No increase in vaccination over usual care in adults

Overall flu vaccination rates by April 2024 were 46.9% for usual care, 48.0% for video recipients, and 47.5% for infographic recipients. Neither intervention had significantly higher vaccination rates than usual care (adjusted risk ratio, 1.03 for the video and 1.02 for the infographic). 

But a prespecified secondary analysis showed that children in both intervention arms had slightly higher vaccination rates by April 2024: 58.4% in the video group and 55.1% in the infographic group, compared with 54.5% in the usual-care group. The number needed to treat to achieve one additional flu vaccination among children was 26 in the video group and 167 in the infographic group.

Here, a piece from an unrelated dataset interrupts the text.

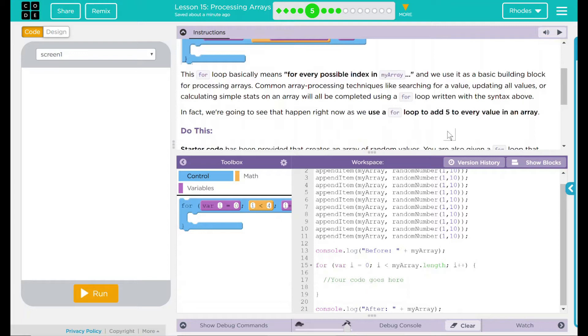In fact, we're going to see this happen right now as we use a for loop to add five to every value in our array.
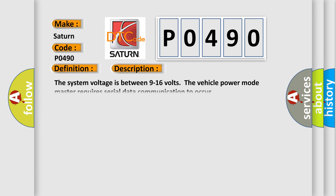The system voltage is between 9 to 16 volts. The vehicle power mode master requires serial data communication to occur.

Findings from this study indicate that health systems should consider physician-created video messages to increase child influenza vaccination rates and that further investigation of innovations for improving influenza vaccination rates across the entire population is warranted.

Of 18 physicians who responded to a survey after intervention implementation, most said it was easy to record the video and that they would be willing to do so for other preventive services. While most said they felt confident or neutral about recording the video, many would request technical support.

A post hoc analysis showed that both interventions improved timely vaccination by December 31 by a small amount overall and a moderate amount for children. "These interventions may be considered important because influenza often peaks in December or January in the US, and there is a lag of about 2 weeks between vaccination and immunity," the researchers wrote. "Thus, vaccination by end of December is preferred."

"Findings from this study indicate that health systems should consider physician-created video messages to increase child influenza vaccination rates and that further investigation of innovations for improving influenza vaccination rates across the entire population is warranted," they added.